お市様もお市様。「織田家にあっては裏切り者と蔑まれ・・・」って言われたら、そーなんだと思うしかないけど、そんな描写がないもんだからさー。庇護者の信包は小林隆で優しそうだし、お付きの侍女達もけっこういるし、花を生けたり馬に乗ったり海辺で遊んだり、けっこう穏やかな暮らしを営んでいるように見えたけど? 安土城に登場したら、柴田を始め重臣たちまでハハーって蜘蛛みたいに這いつくばって、蔑む人なんていそうにないし・・・。だいたい、兄を裏切ったことを「後悔はしてません」と先週言い切ってたじゃないか。負けたら自害するのは武士の習い、娘たちのその後の生活扶助もしてもらってんだし、万福丸の件はこのドラマではなかったことになってるんだから、それほど信長を恨む筋合いでもないと思うけど? 髑髏の杯? それこそ、はっきりした性格のお市様、噂を本人に確かめてみなかったの? 

なんか、そんな「?」が頭の中をいっぱい駆け巡っている中での
「女のいくさは、生きること。ただいまこのときを生きることにございます」
だったので、どどーんと胸に響いたり、するっと受け容れたりすることができなくて、切り貼りのコラージュみたいに感じちゃったよ・・・。あ、そう、いま、狙ってきたよね、みたいな。

ホンが微妙だと、役者の演技までビミョーに見えちゃうから(『天地人』がその最たる例)、心配〜。ムカイリが出てくるまでに、しっかりした道筋をつけといてくださるよう、お願いしますよ。

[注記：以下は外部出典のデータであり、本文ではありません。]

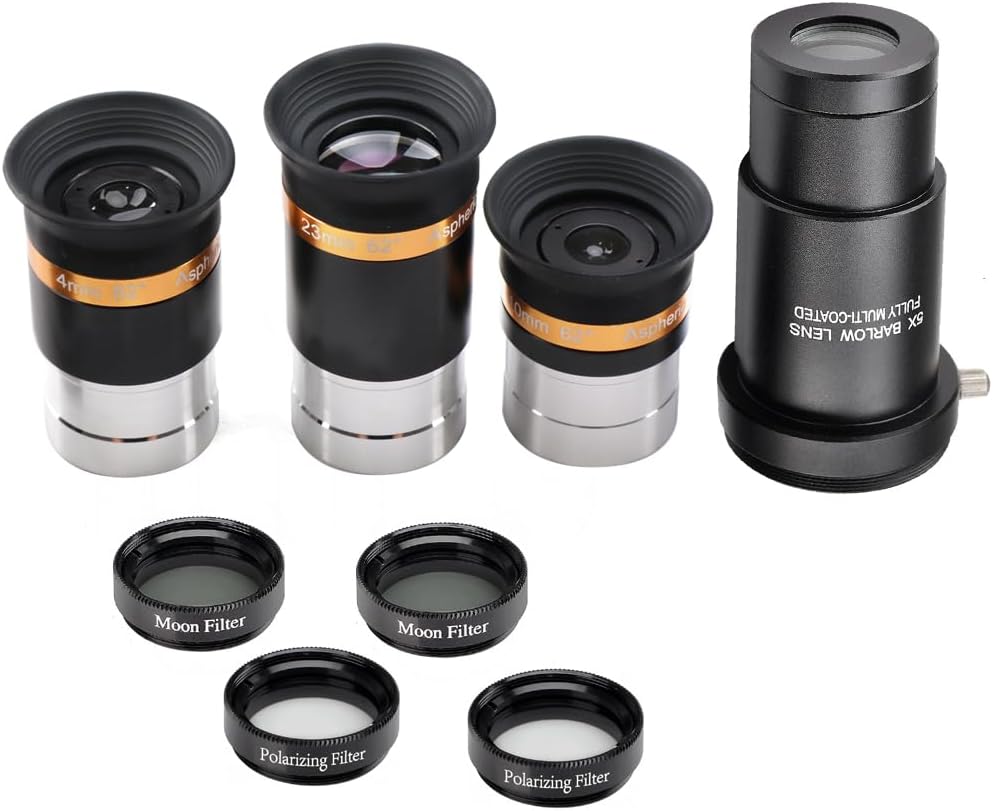 62° Aspheric Eyepiece Set, 1.25-Inch, 5X Barlow & Filters | Multi-focal eyepiece kit; fully multi-coated optics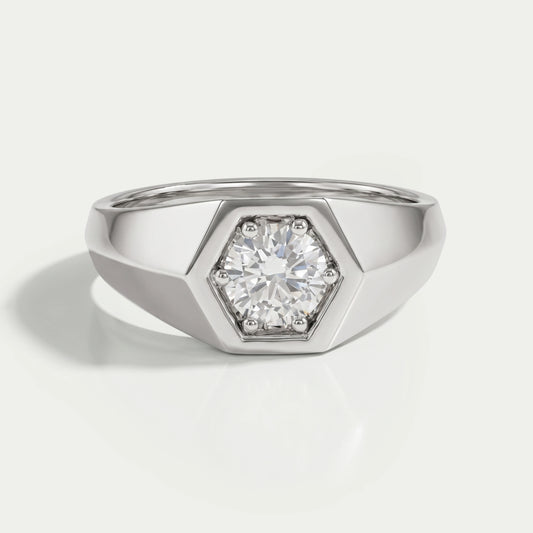 Round Cut Single Diamond Ring For Men's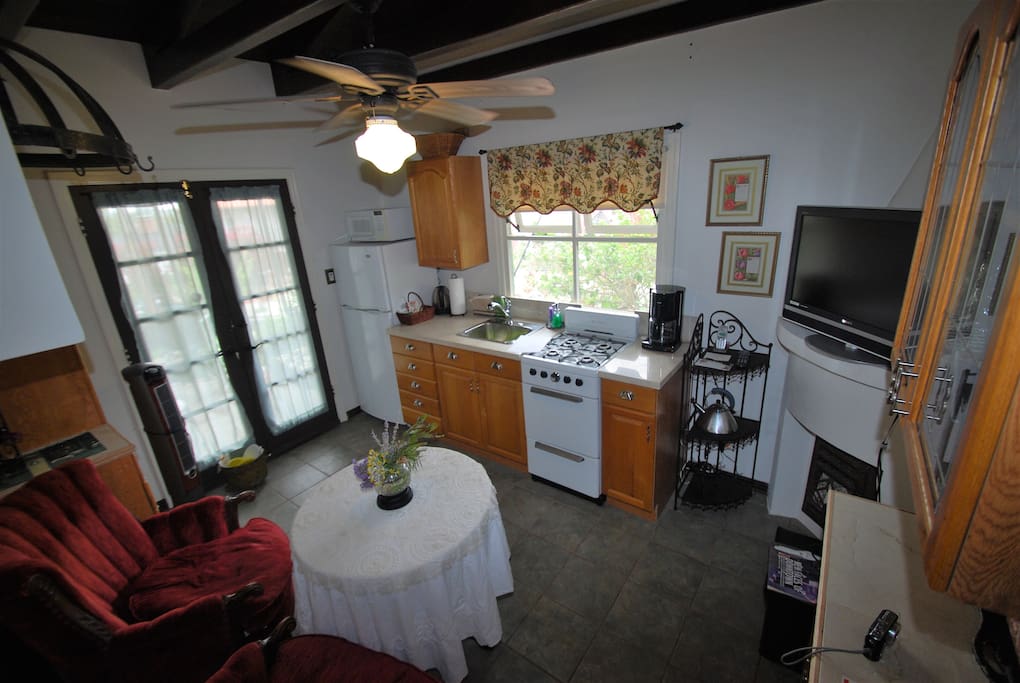 Kitchenette with Double Doors to Private Patio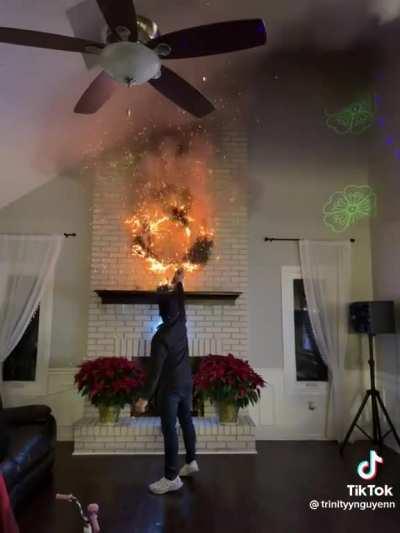 Candle sets Christmas reef on fire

それにしても、上野樹里ちゃんが秀吉=岸谷五朗に飛び掛っていくシーンにまったく違和感がなかった。ふつう、若手女優がこういうシーンを見ると、実力派と言われてる子だろうと「うわーがんばってるな、体当たりで演じてるな」なんて頭の片隅で冷静に思っちゃうもんだけど、微塵もそういうことを感じなかった。おそるべし、上野樹里。ていうか、のだめ?